Thursday 8 April 2021

Voyagers: Film Review

Voyagers: Film Review

Cast: Tye Sheridan, Fionn Whitehead, Lily Rose-Depp, Colin Farrell
Director: Neil Burger

There's a kernel of a great story idea in Neil Burger's Voyagers.

But unfortunately, this Lord of The Flies mash-up cautionary tale of male malevolence and Trumpian overtones that's set in space just can't quite nail the script that it wants to commit to the screen.
Voyagers: Film Review


In the year 2063, with the Earth dying, a decision's made to send a mission into space after a potential planet for colonisation is discovered. But the mission will take 86 years to get there, meaning the crew of children won't live to see its fruition or to enjoy its fruits, and their sole purpose is to become hosts for their children's children.

Born and bred in a laboratory, isolated from the world, the crew of 30 are nothing more than docile labrats, carrying out tasks overseen by the patriarchal Richard (Farrell), who volunteered for the one way mission.

However when one of their number, Christopher (Sheridan, solid and relatable a guide as the audience could need) discovers the daily liquid they've been quaffing is drugged, he, along with more impulsive compatriot Zac (Whitehead, all angular sneering and raging contempt) decide to abandon the routine, throwing the future of the mission into severe jeopardy.
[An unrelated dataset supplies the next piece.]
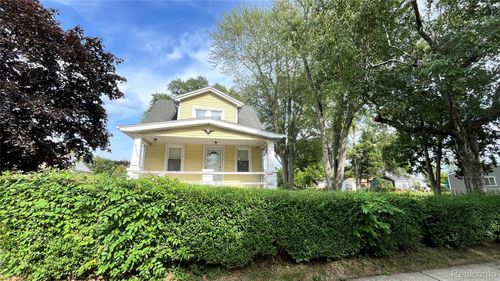 27260 Edward St, Roseville, MI, 48066-2802 | Card Image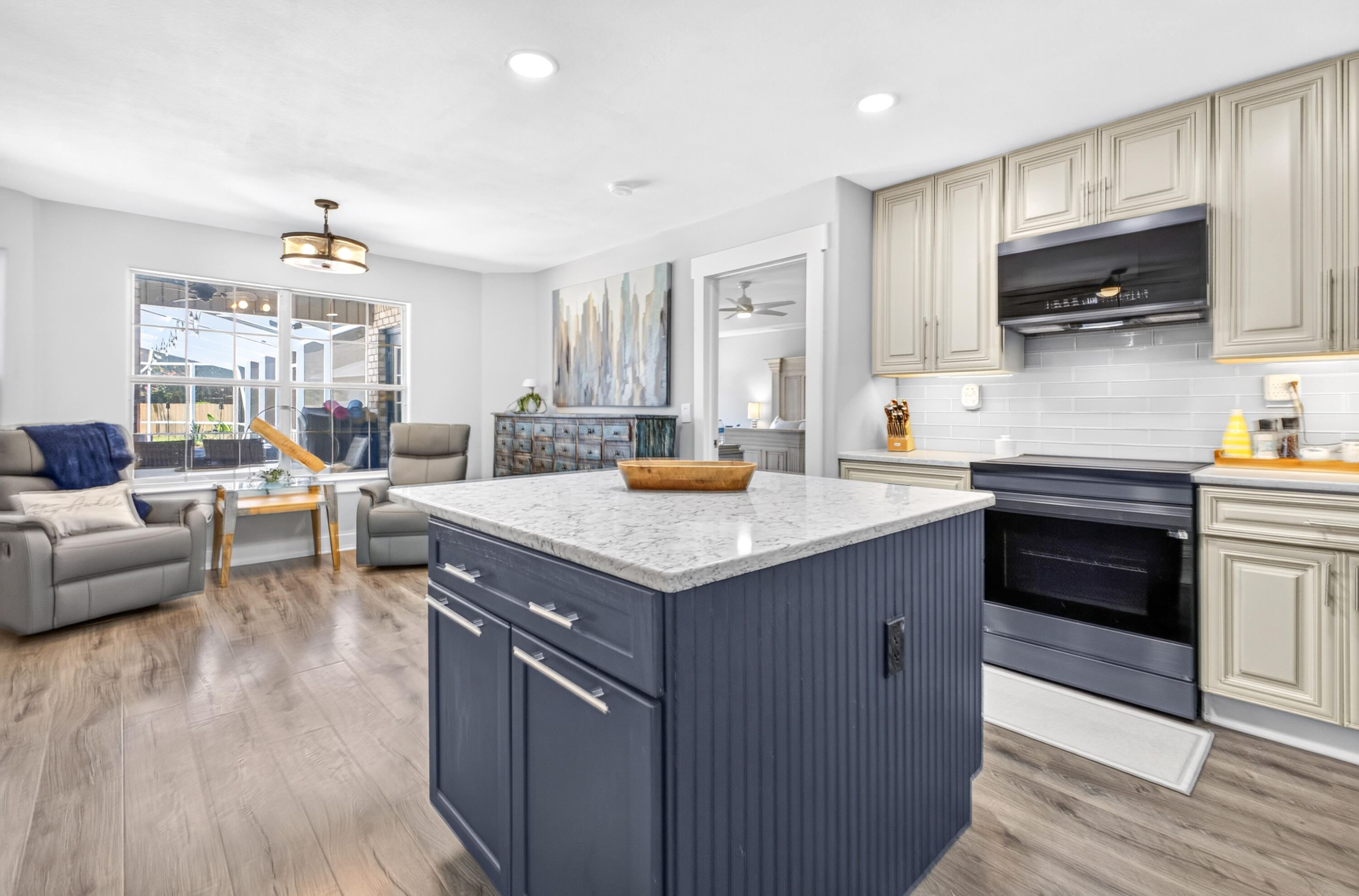 PELICAN BAY S/D - Residential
It's not that Voyagers doesn't have the necessary moral quandaries within to sustain it.

The idea of nihilism and the futility of these labrats as they face a lifetime of servitude to a cause greater than themselves as they grapple with teenage rebellion is a smart one to explore. That coupled with the fight between nature and nurture, hedonism, conditioning and ideologies provide fertile ground for the film to explore.
Voyagers: Film Review


It's just that it squanders it for a particularly rote action thriller as the group splits into factions, headed up by Christopher and Zac, and the cliches play out among the "our lives are futile" subtext.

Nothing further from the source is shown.